On the night of this demonstration, I saw the forecast was Partly Cloudy. But the sky was clear all night, at least for the time I was outside with the telescope. I noted those rain showers in Iowa, below, were well away from me, so I was reasonable sure I had enough time this night for a telescope session.
Step Two: Telescope Setup
Your telescope setup will vary based on the specific type. If you have a refactor and tripod, you simply need to set the tripod up and attach the telescope to it, if not already done so. You will want to use the firmest and steadiest floor surface available to you. But note this, that you probably do not want to place the telescope over asphalt/pavement after a hot day, because asphalt stores heat through the day and releases it at night. This will impact the telescope's mirror/lens and distort the image.
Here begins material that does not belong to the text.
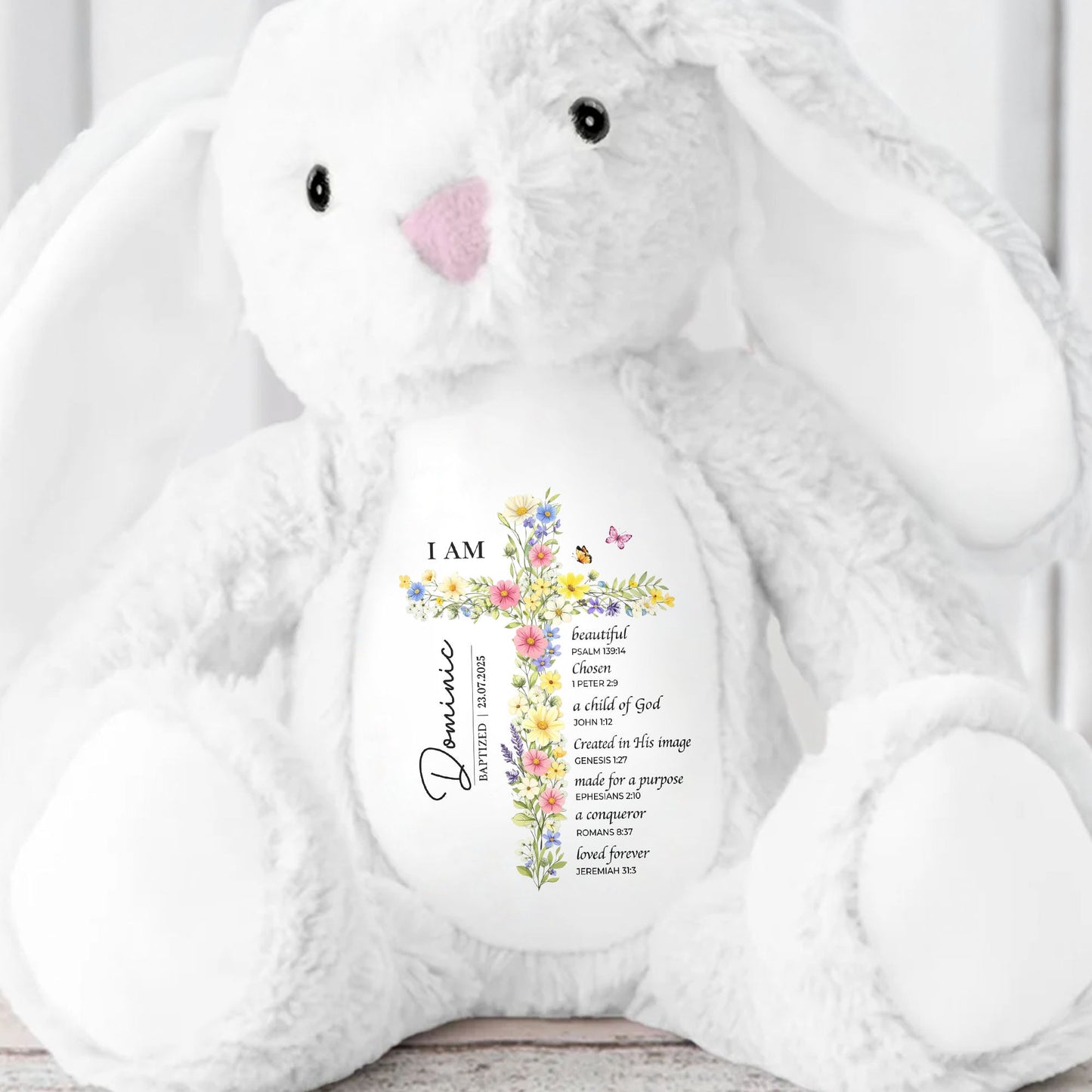 I AM Beautiful Chosen A Child Of God Floral Cross Religious - Personalized Stuffed Bunny - KID534_BUN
You will also want to allow the telescope to "cool" (or warm) outside so the equipment acclimates to your immediate outside temperatures. In general, the larger the telescope, the more time you should allow. For my 5-inch / 127 mm Mak-Cass, I give it about 20 minutes. For my 10-inch / 254 mm Dobsonian, I allow at least 45 minutes, and try for at least an hour.
For my homemade Dobsonian, the setup requires me to take its two main components outside onto my deck separately.
An advatange of a Dobsonian over some other telescopes is that it is extremely easy to transport and re-assemble. All I have to do it lift the tube onto its swivel mount, an I am done!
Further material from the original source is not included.